• _Directions_
The entries below contain pictures. Retype everything except those pictures, exactly as given.

______

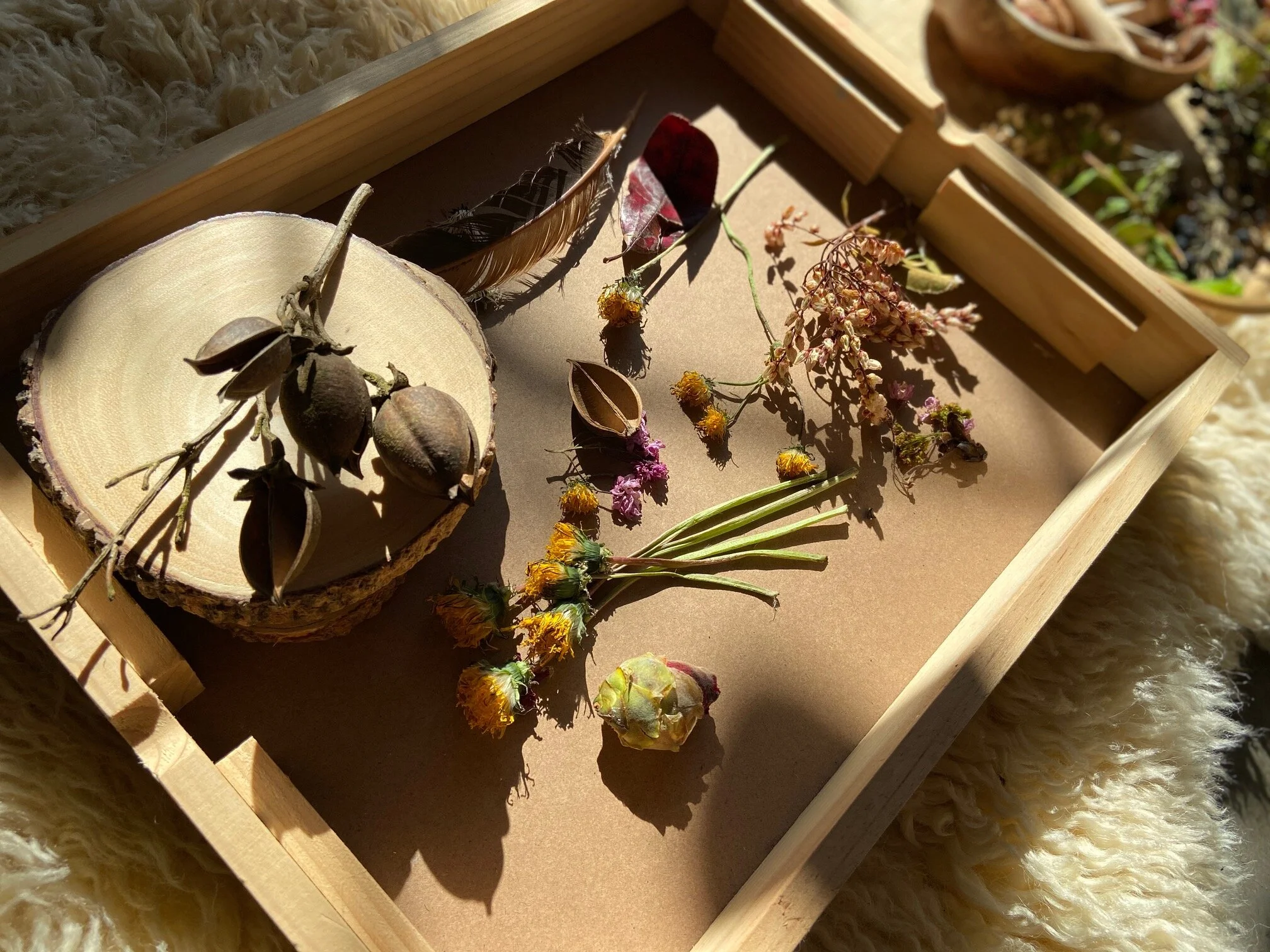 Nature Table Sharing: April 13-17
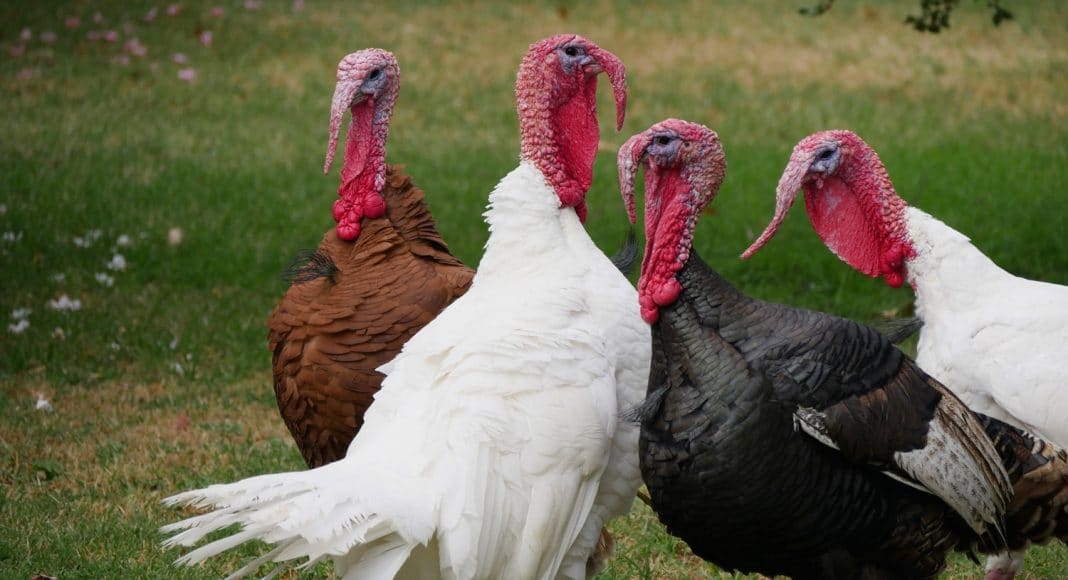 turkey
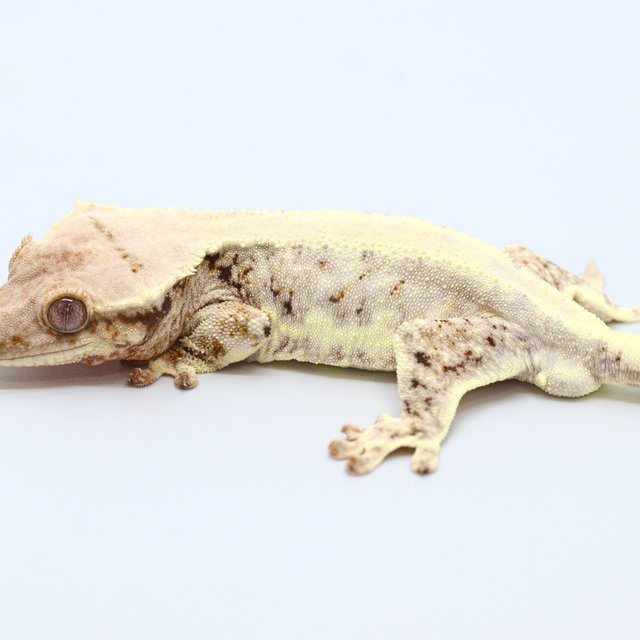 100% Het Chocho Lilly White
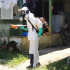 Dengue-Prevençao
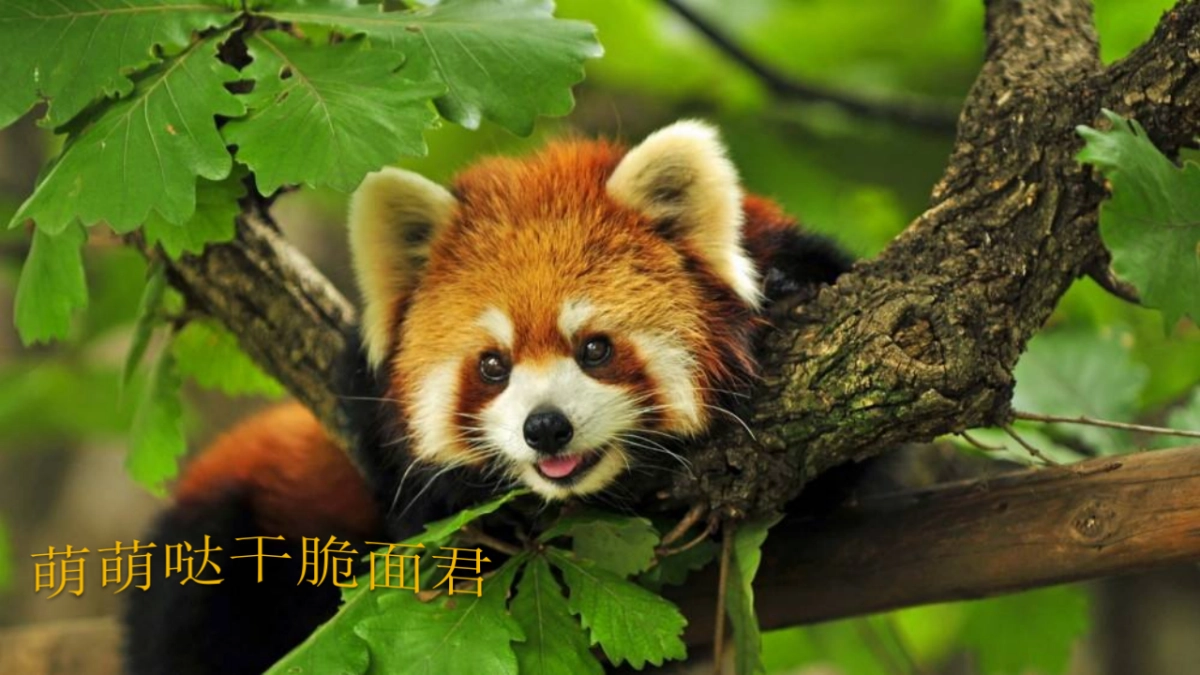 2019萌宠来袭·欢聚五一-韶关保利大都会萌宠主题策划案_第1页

______

• _Output for this exercise_
 Nature Table Sharing: April 13-17
 turkey
 100% Het Chocho Lilly White
 Dengue-Prevençao
 2019萌宠来袭·欢聚五一-韶关保利大都会萌宠主题策划案_第1页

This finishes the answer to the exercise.